Did Drilling Cause a Devastating Well Explosion in Fracking Country?

Texas Tribune reporter Jim Malewitz talks to the Standard about how a well explosion could put pressure on oil and gas regulators.

By Rhonda FanningSeptember 4, 2015 8:00 am,

It was like any other day on the Murray ranch in Palo Pinto County.

Ashley Murray was filling a cattle trough when she noticed water spraying from the family pump house. When husband Cody Murray and his father Jim went out to investigate, turning on the pump, a troublesome noise signaled danger to Cody.

He pushed his father out of the way just in time for a ball of flames from the wellhead to overwhelm them. The family, recovering from severe burns, believes that a methane gas buildup from two oil wells nearby caused the blast and filed a lawsuit against Fairway Resources and EOG Resources last month.

Energy reporter Jim Malewitz covered the story for the Texas Tribune.

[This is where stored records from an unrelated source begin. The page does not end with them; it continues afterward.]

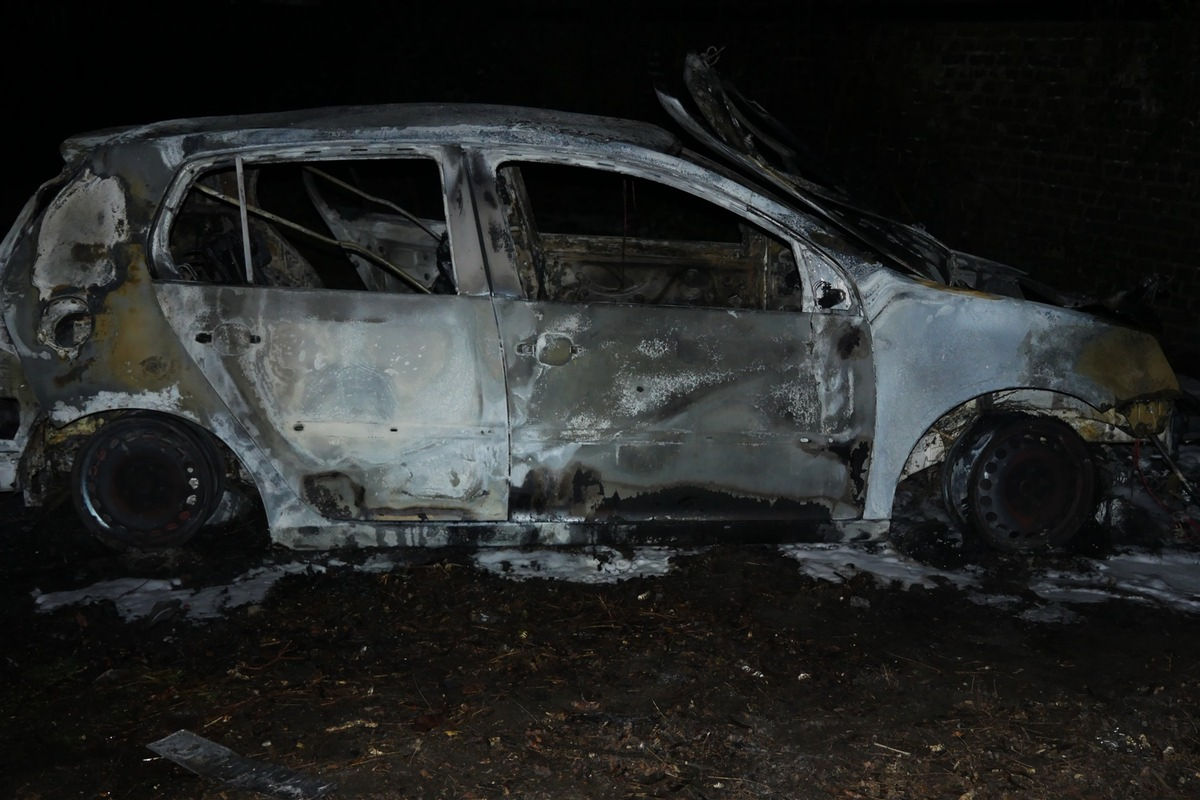 Gelsenkirchen – Gestohlener VW Golf brennt in Hinterhof aus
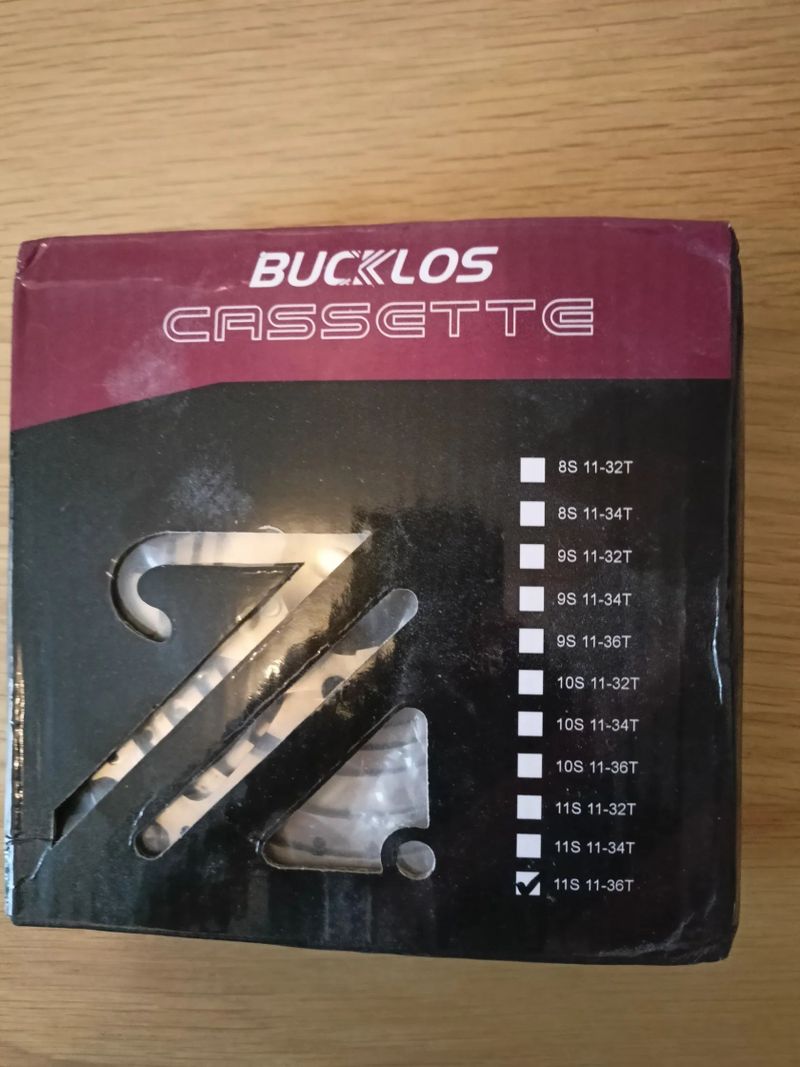 kazeta Bucklos 11-36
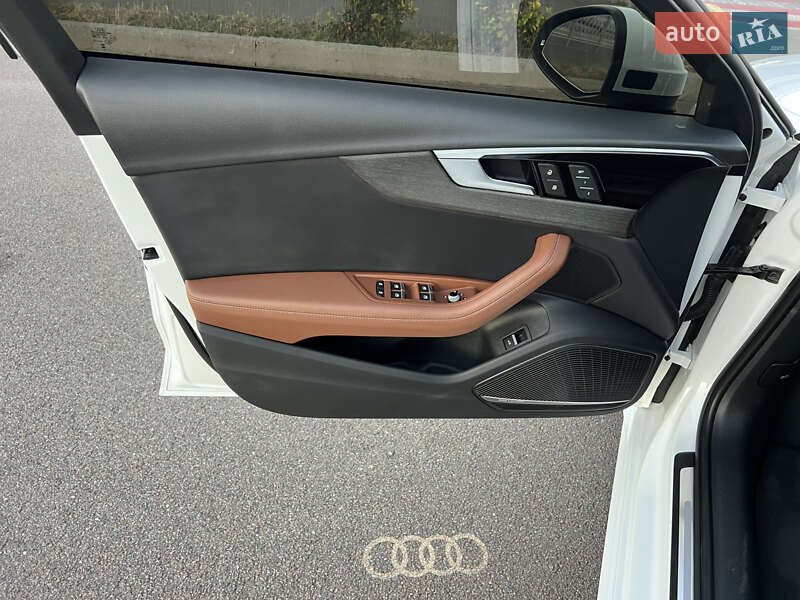 Седан Audi A4 2023 в Киеве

Although fracking is a possible cause of the methane buildup, other oil and gas activities could have been contributing factors to the explosion.

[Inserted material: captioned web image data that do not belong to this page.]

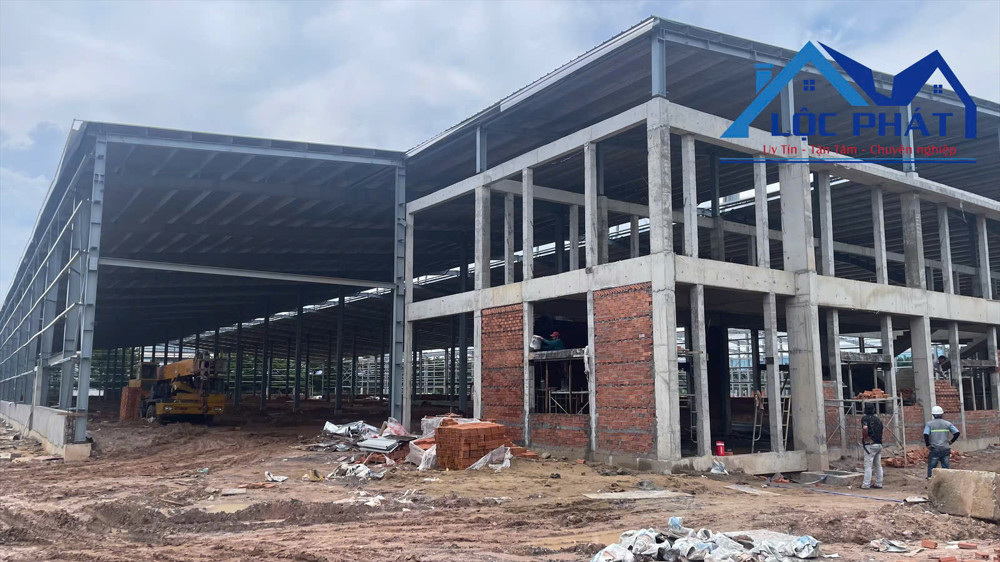 Cho thuê xưởng 9300m2 KCN Trảng Bom, Đồng Nai giá chỉ 4$/m2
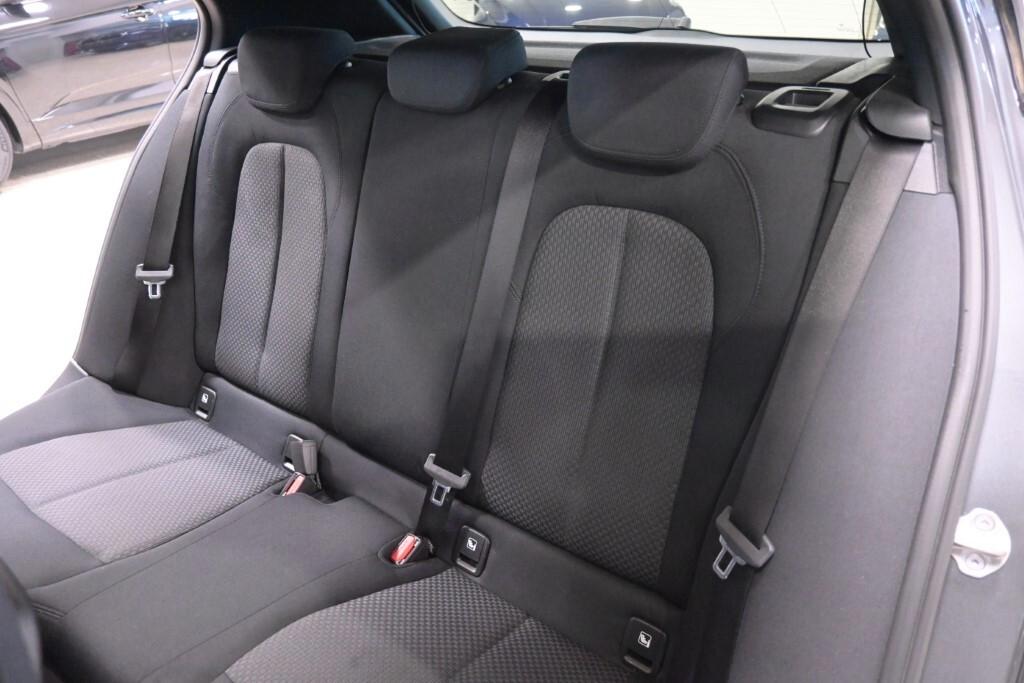 Bmw 116 116i 5p. Business Advantage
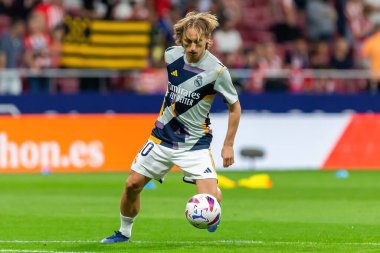 Madrid, İspanya - 24 Eylül 2023: Atletico de Madrid ile Real Madrid arasındaki lig maçı. Luka Modric topu aldı. Futbolcular. Atletico de Madrid için zafer.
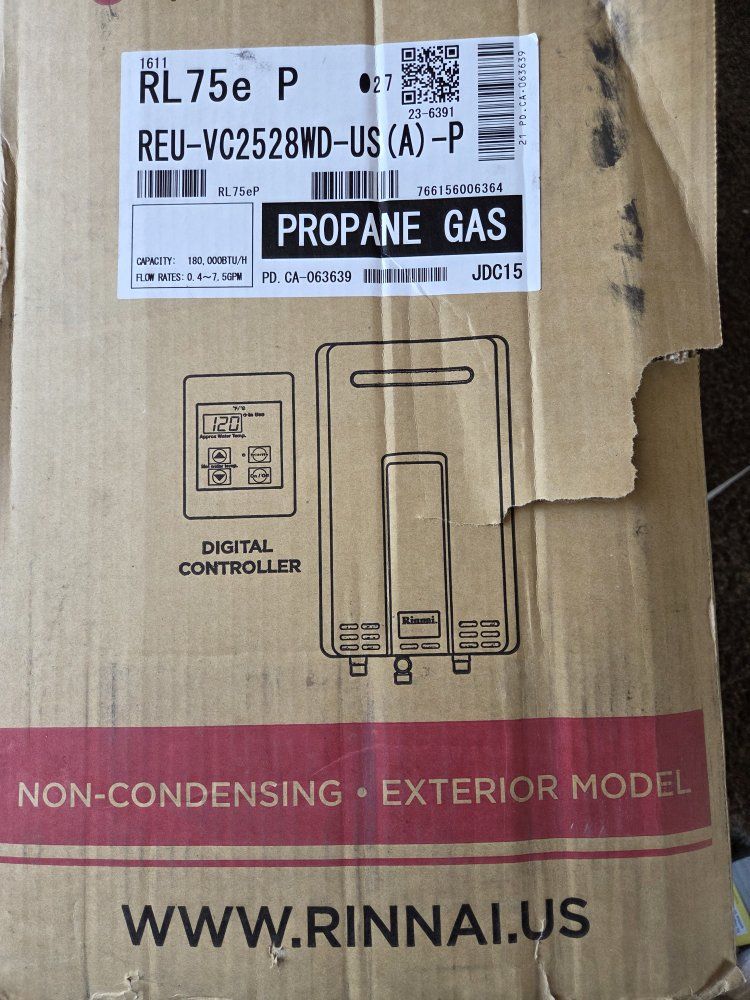 Tankless Water Heater Rinnai
RL75e Gas, Exterior *Read*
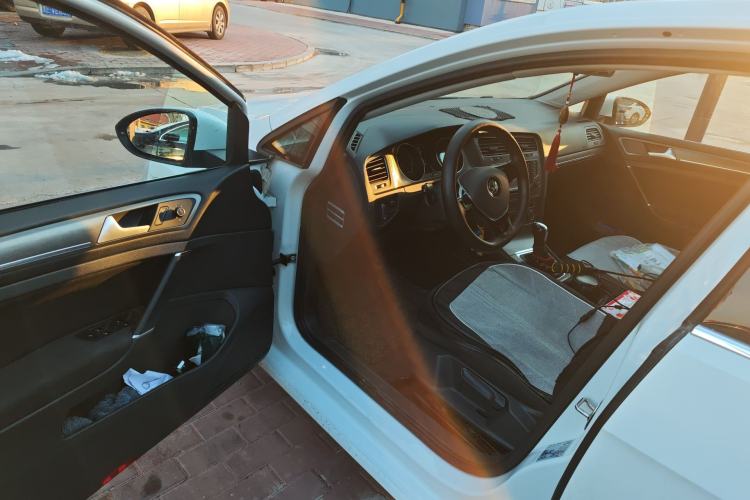 Used Volkswagen Golf 2015 1.6L Automatic Comfort Model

“Actually some of the more recent research that has come out has said that this gas might be linked to poorly constructed wells, gas leaking through cement casing and has cracks or does not go down deep enough to protect the groundwater resources,” says Malewitz.

Since the Texas Railroad Commission has not openly linked any drilling to water contamination, Malewitz says that a win for the Murrays would compel authorities to inspect practices more thoroughly.